4 Over the Mountains

After leaving the Platte River, while traveling along the Sweet Water River, the company met General Kearney and his company of Battalion scouts with their illustrious prisoner, the great path-finder Freemont.

(When California was freed from Mexican rule, Freemont and his little band, who had helped to free it, were greatly rejoiced; and in their enthusiasm his followers proclaimed Freemont governor. General Kearney arrived and expected to be governor by right of his generalship. He was very angry and had Freemont arrested and sent to Washington.)

With Freemont’s guards were Sylvester Hulet, Elvira’s Uncle, and Amos Cox. They had traveled many weary months in an unknown, lonely country; and C. C. Rich’s company were also travel weary. To thus meet relatives and friends so unexpectedly was a joy unspeakable to both parties.

Now the battalion men heard from their families left in Iowa, for the first time in more than a year. And tears of joy and sorrow were freely mingled. A daughter of Amos had died. Sylvester’s wife had gone to New York where the Whitmer’s and her father and brothers lived; so he decided to return to the Rocky Mountains with the pioneers, and Kearney gave him his discharge. Amos Cox continued with the prisoner to Fort Leavenworth, where he received his honorable discharge, and then went to his weary waiting family in Iowa.

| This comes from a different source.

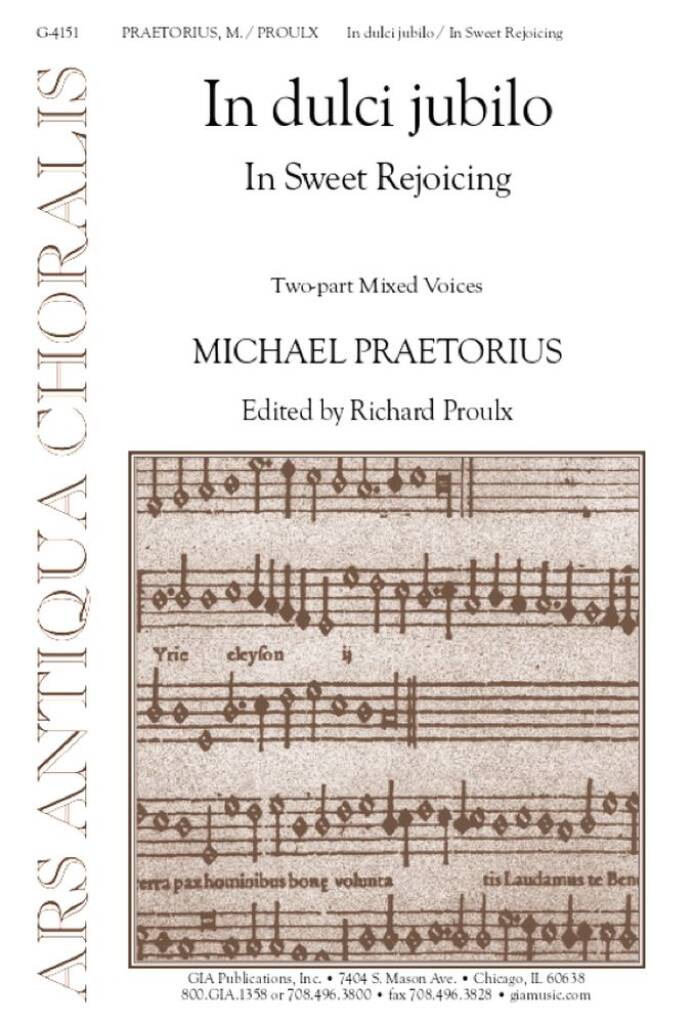 In Dulci Jubilo/In Sweet Rejoicing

The pioneering company continued on westward. At Green River, near Bridger’s Station, they met pioneers who had reached Great Salt Lake Valley and made a start toward a new home; and were now returning to the camps in Iowa, with more definite knowledge and instructions to impart to those who were to come to the mountains next year. They told Rich’s company many things regarding the way that lay before them, and it was a great relief to know that they were nearing their destination.

From now on the mountains were on every side; frowning cliffs looked ready to fall on and crush the poor foot-sore travelers, for people raised on the plains are apt to have a shuddering of such sights. C. C. Rich’s artillery company rolled into the valley of the Great Salt Lake. They were only two or three days behind Jedediah M. Grant’s company of one hundred wagons.

Being expert in handling lumber, Cox was immediately sent into the canyon for logs. Houses must now be built. Among other timbers, he brought down a magnificent specimen of a pine for a “liberty Pole”, which he assisted in raising on Pioneer Square. It was the first pole to carry the stars and stripes in the city. One had been raised on Ensign Peak before. They wintered in Salt Lake Valley. There another son, Orville M., was born November 29, 1847.

Very early in the spring of 1848 father moved from the Adobe Fort with his wife and three children and began farming in Sessionsville, now Bountiful.

[Bountiful is considered the second community to be settled by Latter-day Saints in Utah. It was Perrigrine Sessions, a hardy member of the vanguard pioneer group, who set out three days after arriving in the Salt Lake Valley to explore the land northward.

He was looking for grassy areas where cattle could safely graze out of distance of gardens in the Salt Lake Valley. He and his family lived out of a wagon that first winter to become the first setlers. Other settlers soon followed.]
From Church News, July 29, 2006, p 10

Orville was the first bishop of the ward. There they had the famous experience with the crickets. He devised the broad paddles, as well as the oft mentioned methods, to try to exterminate them, and then came the gulls. He raised a crop in ’48 and ’49 there; also he dug the first well in Bountiful, and struck water so suddenly as to be almost drowned by it before he could be hauled up. In the fall of ’49 he was called to go with “Father” Morley’s company to colonize the valley of the Sanpitch.